Both the Governor and Senate have proposed cutting property taxes by about $6 billion in an effort to reduce the overall tax burden in New York State – which is the highest in the nation.
"We have had a property tax crisis in New York State for far too long," said Senate Democratic Leader Malcolm A. Smith (D-Queens). "But under the leadership of Governor Eliot Spitzer, and with the support of this Senate Democratic Conference, we will soon see real reform of our property tax system that will bring significant and long term tax relief to our State."
The proposals we've seen are good starting points," Smith said. "Our amendments will strengthen the Senate plan and help make our property tax system more equitable while also targeting immediate relief directly to seniors and middle class New Yorkers who need help now."
Senator William Stachowski (D-Buffalo), ranking Democrat on the Senate Finance Committee, said Senate Democrats are seeking long-term solutions to the State's tax crisis. "The STAR program is a good one,but, in its present form, it does not take a homeowner's income and regional economic differences into consideration. The more we rely on STAR without addressing the structural inequities in our property tax system, the more we exaggerate those inequities."
State Senators Andrea Stewart-Cousins (D-Yonkers) and David Valesky (D-Oneida) will offer amendments, which, if enacted, would address at least some of the inequities in the State's property tax system.
Valesky's amendment to expand the Real Property Tax Credit for seniors is designed to overcome the regressive nature of property taxes by increasing the maximum credit amount for senior citizens from $375 to $1,125, and increasing the maximum credit amount for all others from $75 to $225.
The current Real Property Tax Credit limits have been ineffective in New York because they operate at a modest level and because the amounts of the credit have not been increased in 30 years. The Democratic proposal would greatly expand the program for seniors.
Valesky said, "Low and Middle income New Yorkers, particularly senior citizens living on fixed incomes, have been overwhelmed by skyrocketing Medicaid costs and other unfunded mandates that have lead to double-digit local property tax hikes."
Valesky said his amendment "would target additional relief to the people who have borne the brunt of the growing property tax burden over the last decade, in this case, New York's senior citizens."
Stewart-Cousins will offer an amendment to expand the personal income tax credit, currently allowed only to New York City renters, to the entire state.

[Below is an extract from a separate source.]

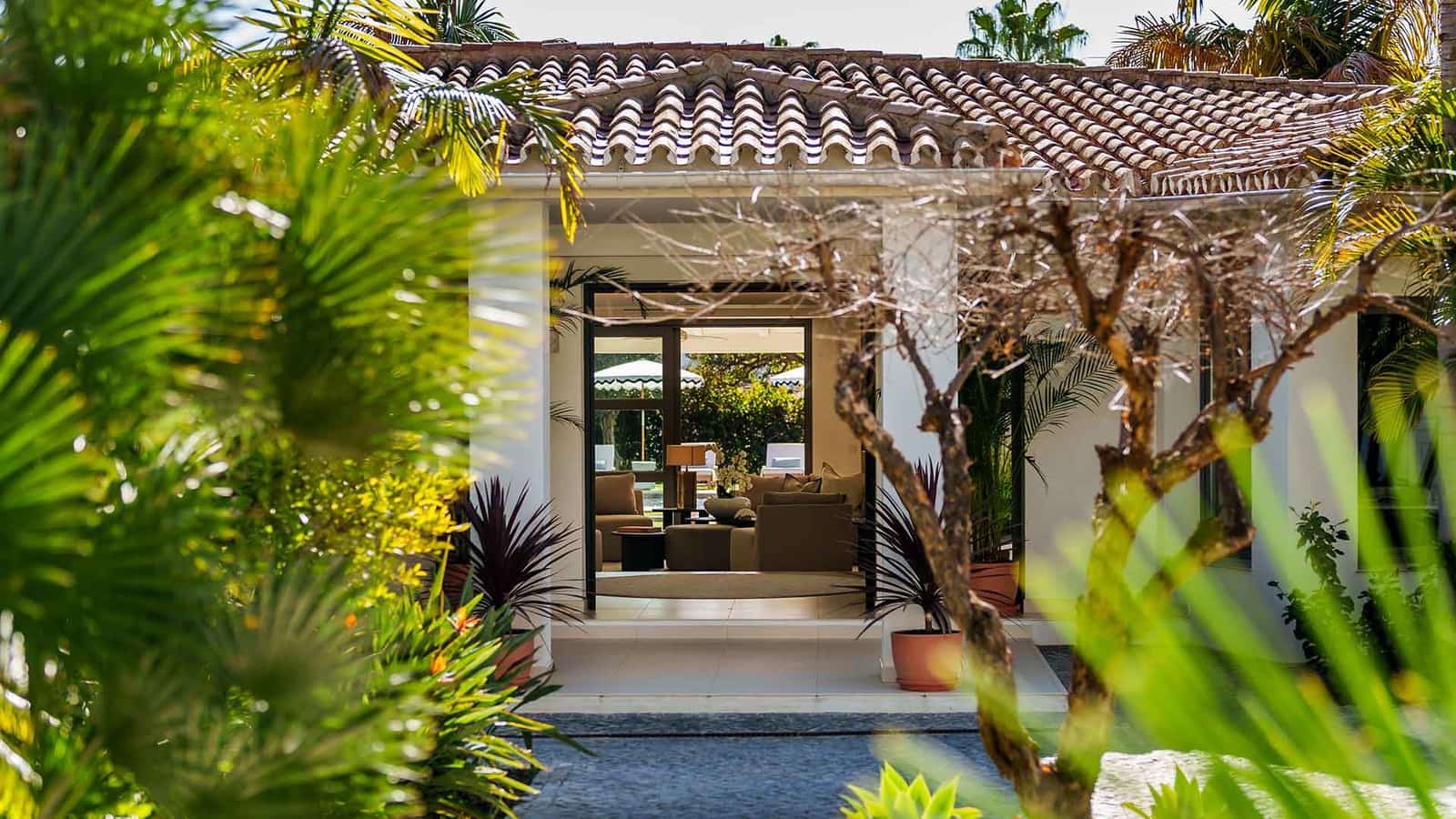 5 sypialnia Willa na sprzedaż w Nueva Andalucia z basenem - 6 995 000 € (Ref: 8834885)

This would provide immediate tax relief to renters in suburban areas like Westchester County and Long Island, where property tax hikes have dramatically driven up rental costs.

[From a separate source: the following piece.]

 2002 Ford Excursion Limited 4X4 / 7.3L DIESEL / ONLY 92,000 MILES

Last year, the State increased the STAR credit for renters living in New York City, raising the refundable credit from $125 to $230 for married couples and $62.50 to $115 for all others.
Stewart-Cousins said, "It is only fair that all tenants in our State receive the same Personal Income Tax credit provided to New York City renters. Many of our suburban communities are among the highest taxed in the nation, and this amendment would bring immediate relief to the tenants in those communities."
Stachowski said the SenateMinority have discussed a number of other tax relief strategies, including "shortening the phase-in period for seniors and working families who most need immediate relief.
"We intend to be fully engaged in tax relief negotiations with the Governor and our colleagues in the Senate and Assembly, and we will bring a number of proposals to the table. We believe, as does the Governor, that a tax relief plan must promote equity and fiscal responsibility and must address the root causes of high property taxes – economic decline, irresponsible government spending, waste and debt," Stachowski said.